Of course, forming a data union is just one model: someone else could set up a for-profit instance, a third could let users choose between paying a subscription fee or seeing ads, and so on.
Different cozyweb communities offering users different experiences, including AI services sourced from multiple AI marketplaces and individual suppliers.
We need to create an environment in which such experiments can flourish.
There is already evidence for this strategy in a parallel field. In May 2023 Brave Software, creators of the privacy-first Brave browser and search engine, released Brave Search API. Via this service, AI developers can access the training dataset Brave developed through both Brave Search and their Web Discovery Project, which allows Brave browser users to contribute anonymous data about the pages they’re actually visiting.

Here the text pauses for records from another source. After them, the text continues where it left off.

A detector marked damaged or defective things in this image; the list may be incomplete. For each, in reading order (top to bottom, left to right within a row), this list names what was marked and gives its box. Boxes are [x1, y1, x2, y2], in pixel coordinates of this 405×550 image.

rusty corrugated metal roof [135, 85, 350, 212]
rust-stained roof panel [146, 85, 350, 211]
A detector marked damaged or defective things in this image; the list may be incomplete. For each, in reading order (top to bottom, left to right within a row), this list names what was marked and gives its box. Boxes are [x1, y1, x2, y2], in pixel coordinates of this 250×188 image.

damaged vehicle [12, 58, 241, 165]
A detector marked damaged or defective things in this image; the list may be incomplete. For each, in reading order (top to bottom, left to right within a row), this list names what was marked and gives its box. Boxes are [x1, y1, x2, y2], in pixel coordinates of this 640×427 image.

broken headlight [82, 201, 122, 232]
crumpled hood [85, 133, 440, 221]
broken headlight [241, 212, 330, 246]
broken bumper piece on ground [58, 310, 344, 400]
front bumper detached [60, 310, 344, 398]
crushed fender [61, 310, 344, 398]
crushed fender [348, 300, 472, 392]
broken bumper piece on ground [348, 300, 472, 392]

As a result, Brave’s training data “is much more representative of the Web people actually care about”, without the huge morass of “junk sites — spam, dead links, duplicates, and more” one finds when crawling the Web at large. And that was written before the Web started filling up with AI-generated content, which is even worse for training AI.
So how do we get there?
This is probably a chicken-end-egg problem:
This is a well-known type of problem, but so is the solution: provide some of the missing pieces to demonstrate value, and let competition drive innovation. And fortunately there are potential cozyweb spaces everywhere, with the Fediverse full of Very Small Online Platforms, all able to talk to each other if they choose to:
According to https://fedidb.org/, there are almost 30000 Fediverse servers, just under half of which were launched in the last two years.
And while most are small, these figures presumably also include Threads, Flipboard, and at least some sites built with Ghost or Wordpress.

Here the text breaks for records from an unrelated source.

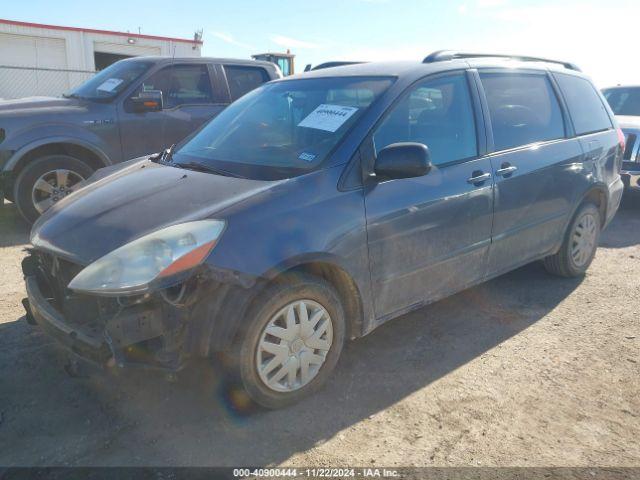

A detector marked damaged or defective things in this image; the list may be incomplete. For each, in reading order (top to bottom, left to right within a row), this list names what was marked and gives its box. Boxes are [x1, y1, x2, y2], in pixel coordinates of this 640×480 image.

damaged front bumper [21, 249, 260, 374]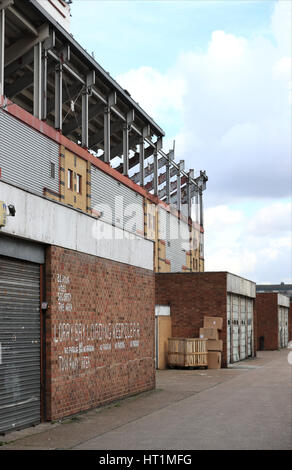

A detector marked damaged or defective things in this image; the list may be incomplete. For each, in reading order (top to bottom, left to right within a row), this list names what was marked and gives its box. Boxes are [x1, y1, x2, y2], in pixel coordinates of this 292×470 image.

broken roof edge [29, 0, 167, 138]
rusty metal panel [0, 109, 59, 196]
rusty metal panel [0, 258, 40, 434]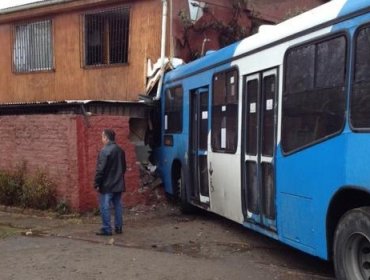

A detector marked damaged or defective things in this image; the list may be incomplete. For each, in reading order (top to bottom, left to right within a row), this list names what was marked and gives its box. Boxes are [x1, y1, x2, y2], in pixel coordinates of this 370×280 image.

So the content and people are already there. To help them pilot #ai4communities, we need to trigger a virtuous circle by:
Early adopter Fediverse communities can then start roadtesting the first AI services. Assuming these add value, more people will join those communities. As revenue starts flowing into them from both subscriptions and data monetisation, other Fediverse communities will follow suit.
The winners in this competition are the most active, best-managed communities
Seeing a business opportunity, other AI services will appear, attracting more communities, creating more data, growing the pie further. Competition and innovation will do the rest, with the emphasis on open source meaning anyone can not only add an AI service to existing Stores, they can market their services independently or set up Stores of their own.

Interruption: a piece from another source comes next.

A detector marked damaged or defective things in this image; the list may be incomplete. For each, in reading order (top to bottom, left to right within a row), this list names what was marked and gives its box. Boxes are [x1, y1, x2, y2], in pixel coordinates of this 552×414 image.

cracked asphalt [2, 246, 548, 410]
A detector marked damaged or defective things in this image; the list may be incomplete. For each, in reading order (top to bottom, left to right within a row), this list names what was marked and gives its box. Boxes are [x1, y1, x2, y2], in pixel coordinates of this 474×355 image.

What sets this vision apart is who wins in this environment - the most active and best-managed communities, as they will be an excellent source of AI training data once model collapse has stymied LLM growth.
The content behind this article is, of course, tagged #ai4community on my Hub. My next posts will include, inter alia, how I’d like to develop myhub.ai to support the above ideas. Subscribe to my newsletter via my About page if you want to see that post and the best articles I’m reading as I do my research (all editions tagged #newsletter).
(1) I refer to federated servers because I want to be technology agnostic, and avoid flamewars over the relative benefits of ActivityPub, AT Protocol, Nostr, etc. However some of this post reflects my greater familiarity with ActivityPub than the other protocols. Sorry about that.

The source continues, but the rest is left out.